The first season of The Fine Brothers'  web series, MyMusic premiered on April 15, 2012 and ended on January 6, 2013. The series is based on a concept that the Fine Brothers originally developed for a television airing. Sometime afterwards, the concept was adapted for YouTube. MyMusic was the main show on the MyMusicShow YouTube channel, which was one of the first 100 original channels.

Plot
The first season of MyMusic, a mockumentary, documented the antics of MyMusic, a transmedia production company. The staff members refer to each other by music genres which they associate each other with, rather than their real names.  CEO and founder Indie heads the team. The company claims to have been given the YouTube original channel, and has a documentary crew filming them day to day.

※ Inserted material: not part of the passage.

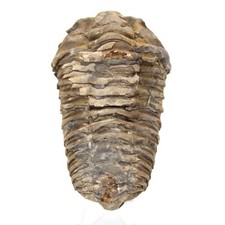 Trilobite fossile maroc d'occasion Trilobite fossile maroc d'occasion  France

The first season's events and plot were recapped by the Fine Brothers, prior to the second season.

Cast

Main Cast

 Adam Busch portrays Jeb Indie, more commonly known as Indie, a modern-day hipster and the CEO of MyMusic. 
 Grace Helbig portrays Jamie Woods, known as Idol, the Social Media Guru of MyMusic, who is obsessed with social media. 
Jarrett Sleeper portrays Emmet Allan Klaga, known as Metal, who is a metalhead and the Head of Production of MyMusic.
 Tania Gunadi & Chris Clowers portray Techno & Dubstep, two ravers who make up MyMusic's Talent Booking team. They are often seen together, and Techno is the only staff member who understands Dubstep's language, which consists of "wubbing".
Mychal Thompson portrays Curtis Armstrong, known as Hip Hop, who is the Head of Marketing of MyMusic, who is built on a "gangster" image, but is truly a nerd who enjoys role-playing games.
Lainey Lipson portrays Norma Haish, known as  Scene, who is an intern at MyMusic, and displays a "scene kid" personality.
 Jack Douglass portrays Melvin Munson, known as Intern 2, an intern at MyMusic, who unlike the other staff members has not been identified with a music genre. He also displays a bland and generic white collar personality.

Recurring Cast

Notable Guests

Episodes
Every five to six episode of the series are split into full-length "sitcom versions" that include extra scenes.

Awards and nominations
The first season of MyMusic drew ten Streamy award nominations. However, the series did not win any of its nominations.